Request for Exception to Interlocks Act
FDIC-83-13
October 11, 1983
Pamela E. F. LeCren, Senior Attorney

  As per your request, the Legal Division has reviewed the above referenced application under section 348.4(b)(2) of FDIC's regulations for an exception from the prohibitions of the Depository Institution Management Interlocks Act (12 U.S.C. 3201 et seq., "Interlocks Act"). An exception is being sought to permit * * * to serve as directors of * * * (a bank in organization) while continuing to serve as directors of * * *. * * * also presently serves as a director of * * *.
1 All of the institutions are located in the * * * SMSA. Absent the grant of the exception, the subject interlocks would violate section 348.3(b)(1) of FDIC's regulations as * * * and * * * have total assets in excess of $20 million.
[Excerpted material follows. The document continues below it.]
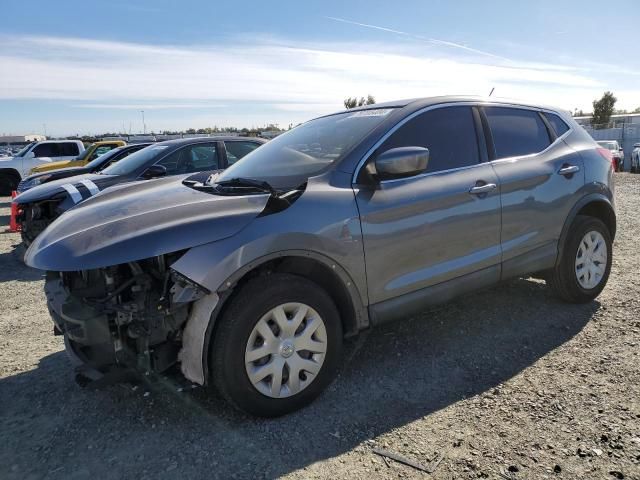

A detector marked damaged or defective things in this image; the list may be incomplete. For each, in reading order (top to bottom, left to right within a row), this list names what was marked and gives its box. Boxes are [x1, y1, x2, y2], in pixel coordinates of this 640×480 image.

crumpled front end [47, 253, 208, 384]
damaged gray suv [23, 96, 616, 416]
  Section 348.4(b)(2) permits an otherwise prohibited interlock between two institutions if one of the institutions is newly-chartered (i.e. has been in operation less than two years) and the interlock is necessary to provide the newly-chartered institution with management or operating expertise (i.e. such management or operating expertise is not available without utilizing the services of persons already serving financial institutions located elsewhere in
{{4-28-89 p.4131}}the same community or same SMSA). Applicants' counsel has submitted an affidavit from the CEO of * * * which recites that "I have canvassed the possibilities of finding directors with the requisite qualifications, who are not already serving on boards within the * * * SMSA, but I have not been able to find anyone who qualifies". 2 Applicants' counsel also recites in the application that "the only sources of banking experience available to serve as directors of a new bank, are either connected with a bank in the area or are retired". Neither the affidavits nor the application specifically indicate whether or not any management official of a depository institution with total assets of less than $20 million was considered as a director candidate for the new bank. (Such an individual's service would be permissible under FDIC's regulations.) Persons falling within that category may not have been considered. 3
  Despite the fact that an adequate search for management may have been conducted, our ultimate assessment of the application does not rest on the question of whether a search for alternative management was conducted.
4 It appears, based upon the regional office's investigation, that * * * is not in need of shared management in order to obtain management or operating expertise. 5 We therefore conclude that the newly-chartered bank is not, in this instance, in need of management or operating expertise that could only be provided through a management official interlock. 6 As the bank has not demonstrated the need for the management interlock, the exception is, in our opinion, not available to * * *.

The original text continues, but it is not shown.